By and large, artists have tried to solve the problem by moving into old industrial lofts. But living there often meant breaking the city's fire and non-occupancy laws or entailed the double cost of maintaining separate living and studio quarters. And with urban renewal, even lofts are becoming a rarity. Last week a spate of new projects, all aimed at alleviating their housing problem, convinced artists that their pleas for help might at last be beginning to register.
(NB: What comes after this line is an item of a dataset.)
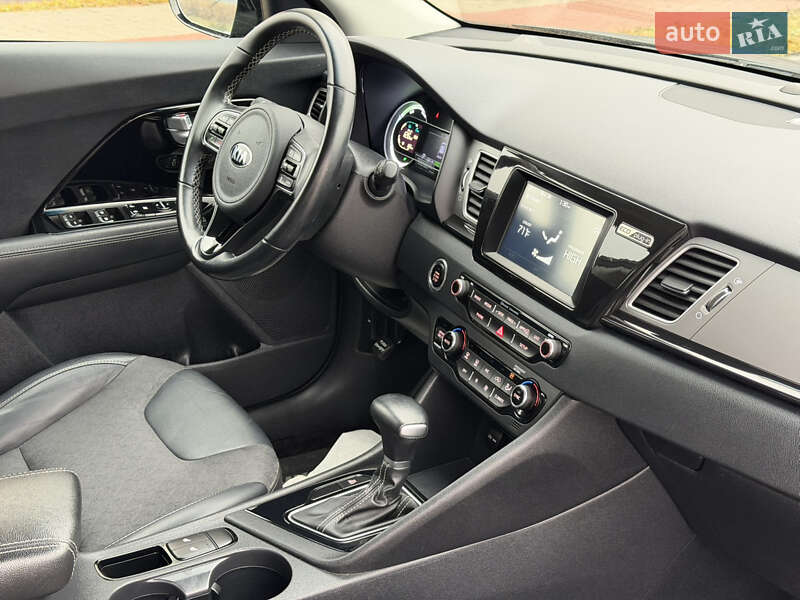 Внедорожник / Кроссовер Kia Niro 2018 в Виннице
The National Council on the Arts and the J. M. Kaplan Fund announced a joint project to convert the eight-building Bell Telephone Laboratories on Manhattan's Lower West Side into a $10 million artists' center providing housing for 500 painters, writers, musicians, dancers and film makers. At the same time, Lyons Houses, which owns' a chain of dollar-a-night hotels on New York's Bowery (where artists have traditionally hobnobbed with derelicts) began renovating one of them, the Alabama, into studio housing, eventually may follow suit with others. And in Brooklyn Heights, the city has decided to include a low-cost studio cooperative for artists in its urban-renewal plans.
Of the projects, the conversion of the Bell Laboratories is by far the most ambitious undertaking. The building itself--where Herbert Hoover watched the first television demonstration, Jascha Heifetz recorded on one of the first "primitive" hi-fi systems, and Sam Warner made the first "talkie"--is peculiarly suitable, with its 10-ft. to 16-ft. ceilings, a cafeteria and an auditorium, all features that Architect Richard Meier hopes to preserve in the ren ovation. Tenants, to be screened by a citizens' committee, will be able to rent units at approximately $110 a month.